● **The problem**
The expected output is an exact copy of each line from the line with "Luis 7-30-26" through the end of the data below, with no pictures in it.

● **Available data**
Start of Block

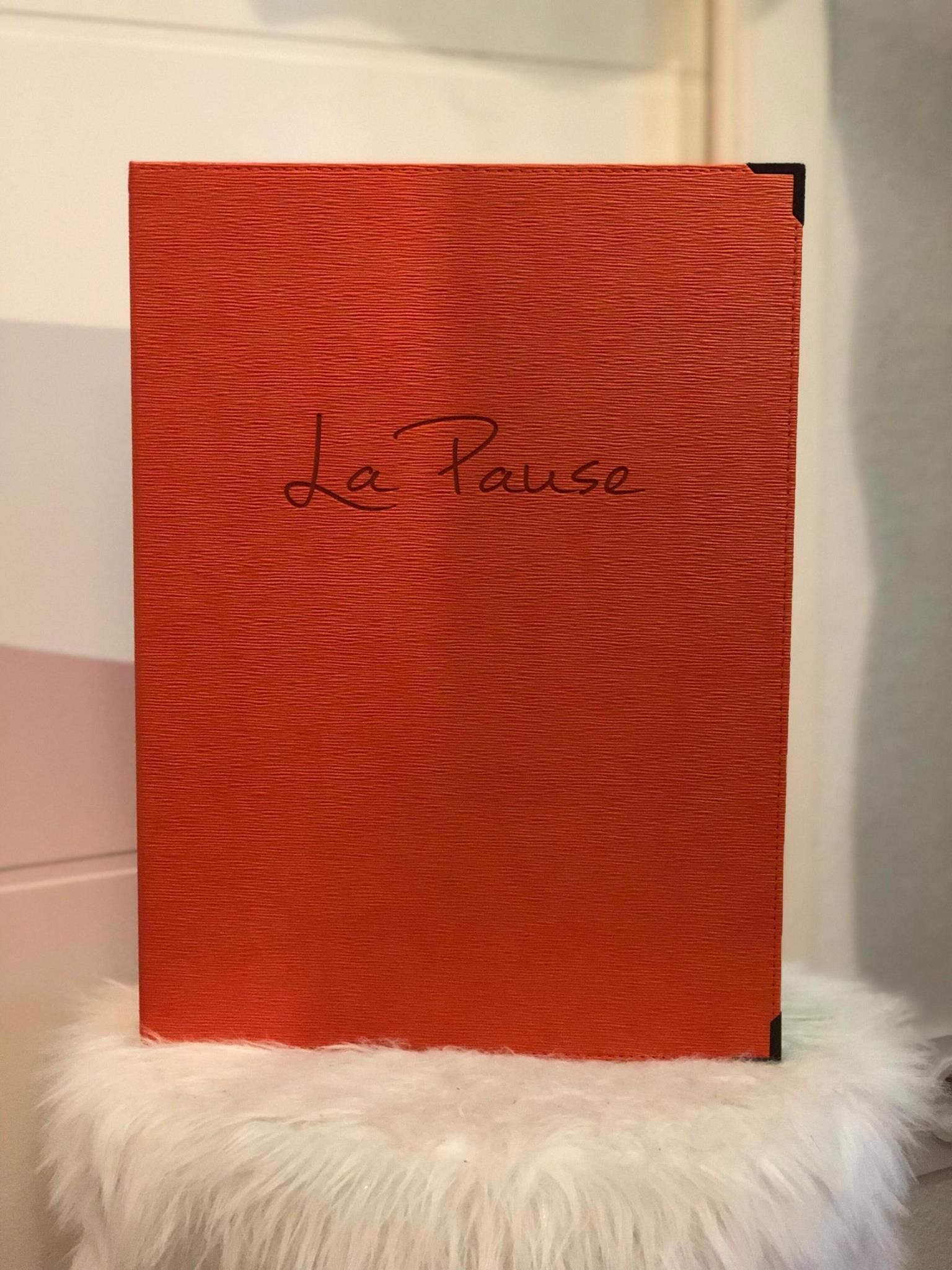 Classeur texturé rouge avec inscription « La Pause » en cursive sur un coussin blanc moelleux. Coins protecteurs noirs.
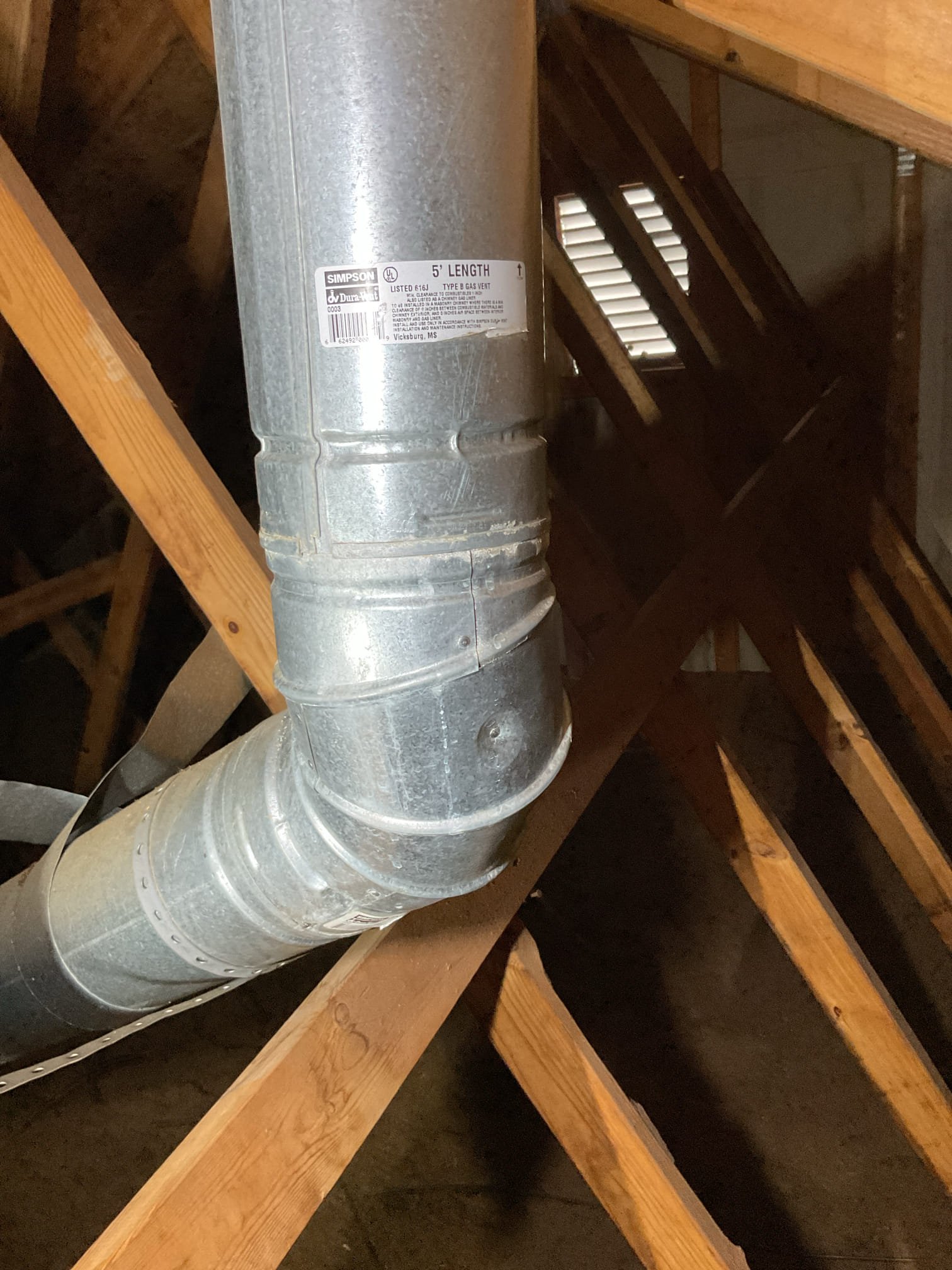 Luis 7-30-26 
 Customer called to check exhaust pipe termination up in the attic, customer thinks roof jacket (boot is leaking) I did not see any issues with boot. Most likely will be exhaust gases condensing before exist house, I would recommend contacting chimney/roof company to replace chimney cap. Other option could be system replacement with water heater so we can exhaust gases on the side of the house with pvc. Customer will try contacting roofing/chimney company for further assistance. 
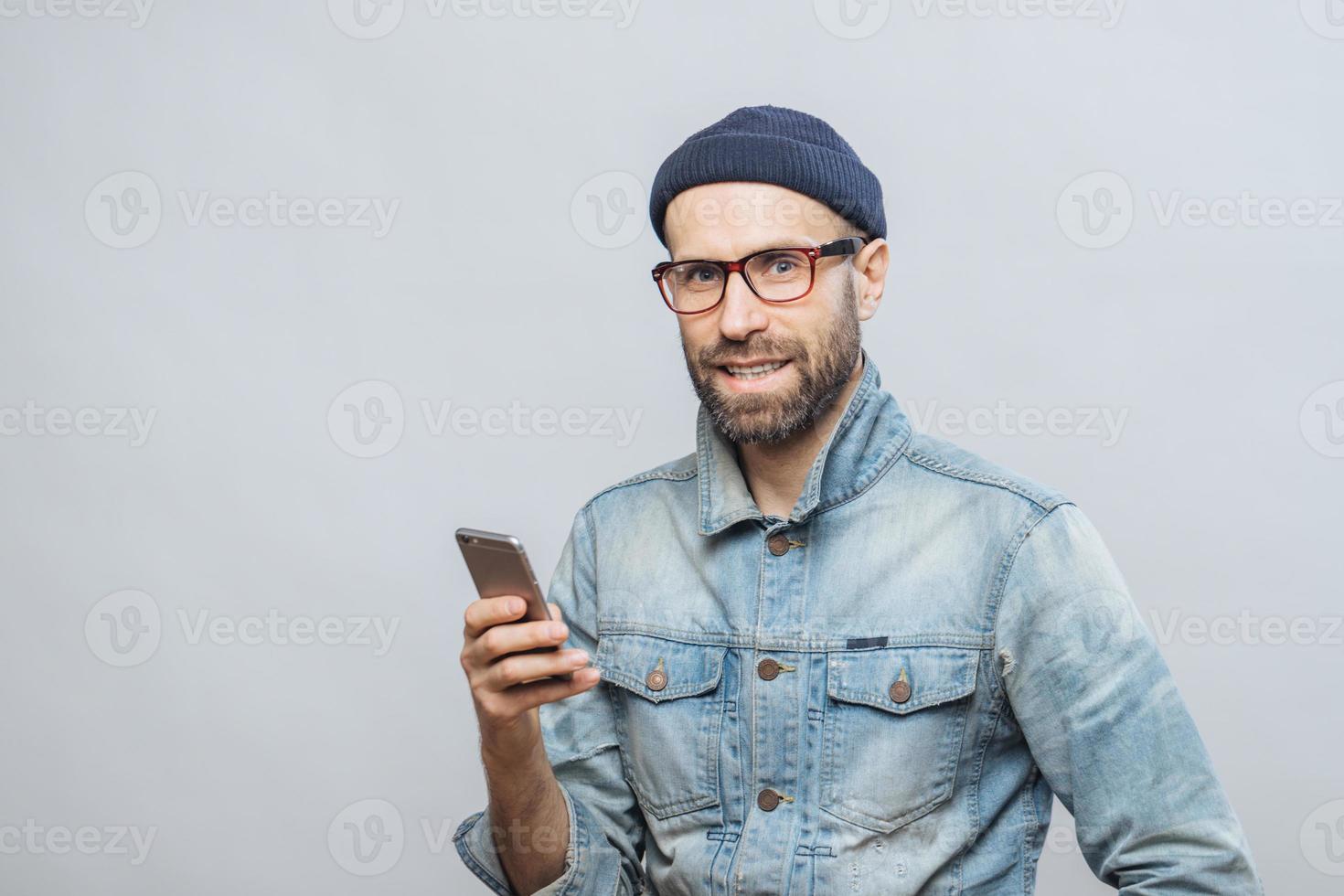 Attractive middle aged male model with bristle dressed in fashionable clothing, holds smart phone, chats with colleagues or friends in socail networks, isolated over white background. Technology photo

End of Block

● **Exercise result**
 Luis 7-30-26 
 Customer called to check exhaust pipe termination up in the attic, customer thinks roof jacket (boot is leaking) I did not see any issues with boot. Most likely will be exhaust gases condensing before exist house, I would recommend contacting chimney/roof company to replace chimney cap. Other option could be system replacement with water heater so we can exhaust gases on the side of the house with pvc. Customer will try contacting roofing/chimney company for further assistance. 
 Attractive middle aged male model with bristle dressed in fashionable clothing, holds smart phone, chats with colleagues or friends in socail networks, isolated over white background. Technology photo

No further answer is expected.